> _WHAT YOU HAVE TO DO_
Make an exact copy of the data below, leaving out every picture.

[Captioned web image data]
§
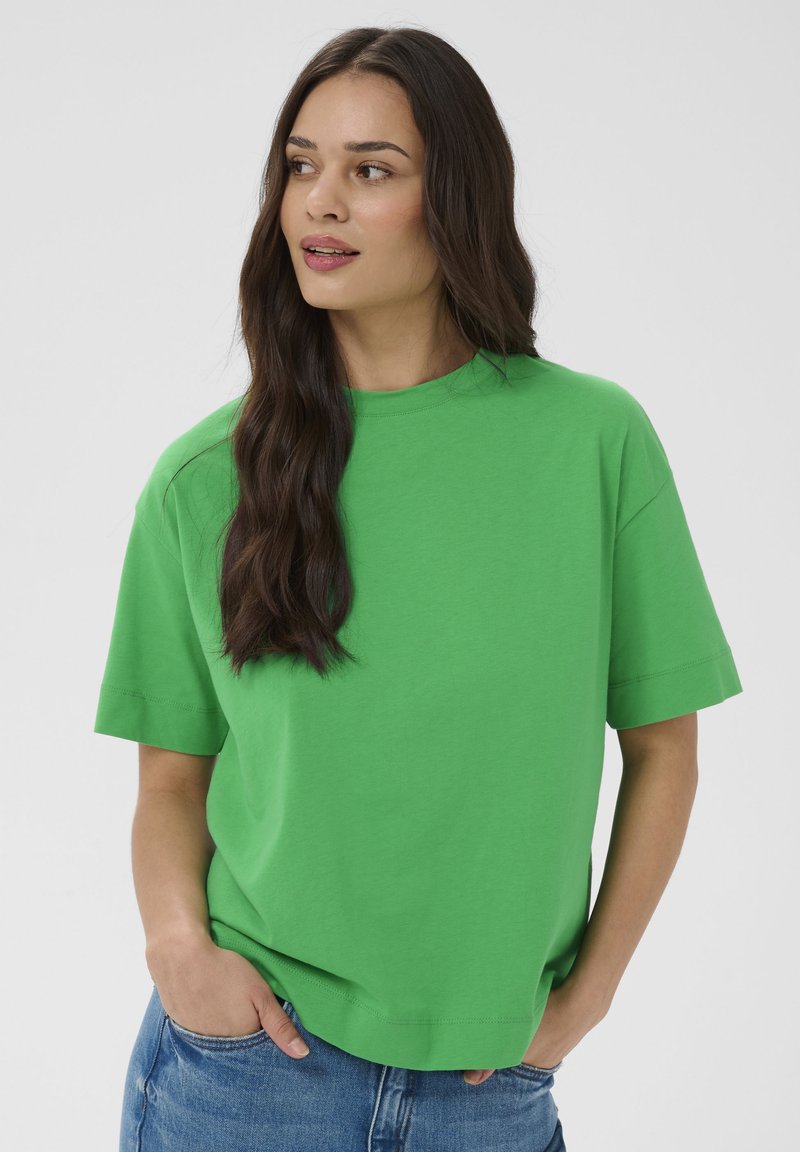Femme aux longs cheveux foncés portant un t-shirt vert à manches courtes ample et un jean bleu, les mains partiellement dans les poches, regardant sur le côté.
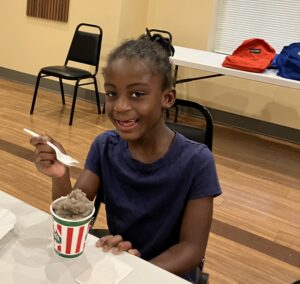 student eating water ice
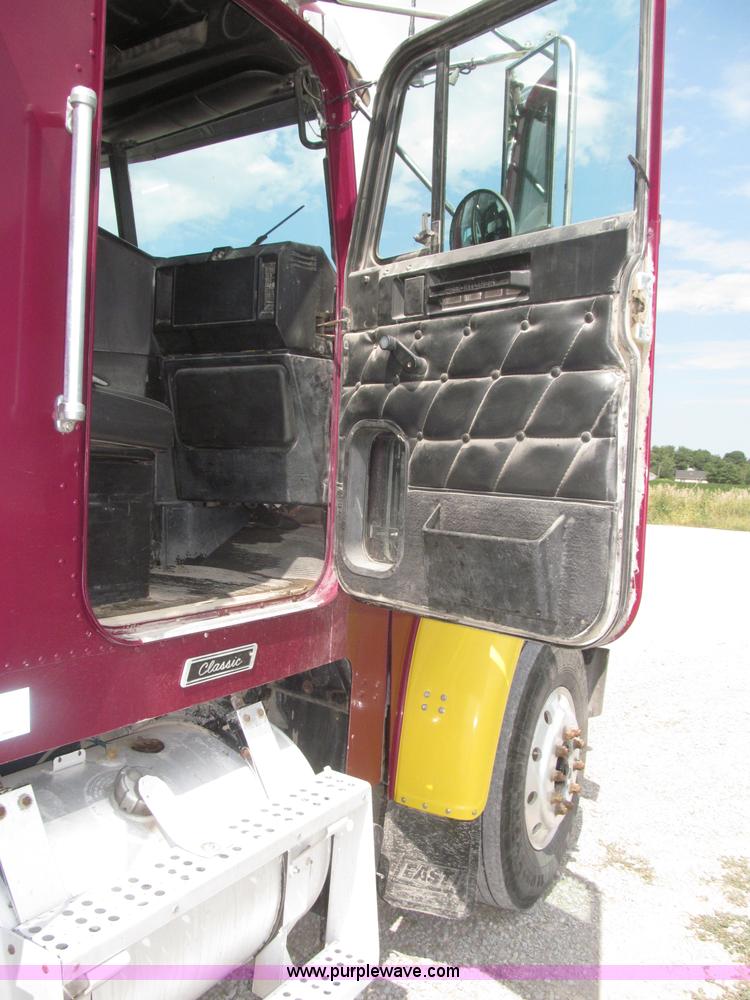 image for item F7111 2000 Freightliner FLD120SD tri axle dump truck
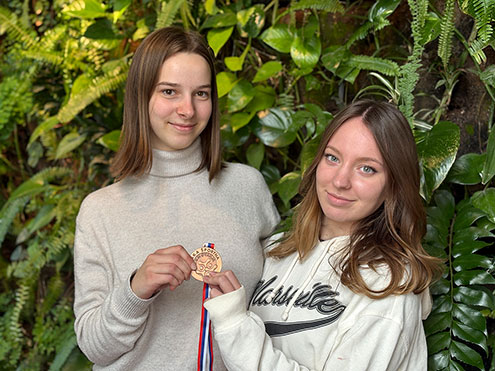 Dijakinji držita v rokah bronasto medaljo s tekmovanja v namiznem tenisu.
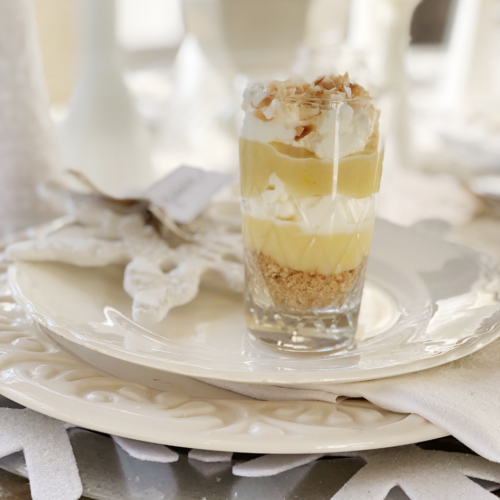 coconut pie mini parfait in clear glass vintage juice glass standing on top of layered white plates with snowflake ornament in background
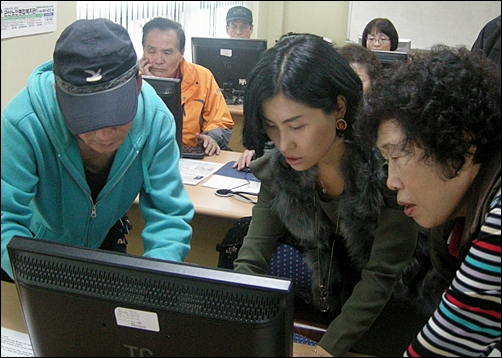 컴퓨터 교실에서 어르신들에게 사용법을 알려주는 박수진 사무국장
§
> _SOLUTION TO THIS EXERCISE_
Femme aux longs cheveux foncés portant un t-shirt vert à manches courtes ample et un jean bleu, les mains partiellement dans les poches, regardant sur le côté.
 student eating water ice
 image for item F7111 2000 Freightliner FLD120SD tri axle dump truck
 Dijakinji držita v rokah bronasto medaljo s tekmovanja v namiznem tenisu.
 coconut pie mini parfait in clear glass vintage juice glass standing on top of layered white plates with snowflake ornament in background
 컴퓨터 교실에서 어르신들에게 사용법을 알려주는 박수진 사무국장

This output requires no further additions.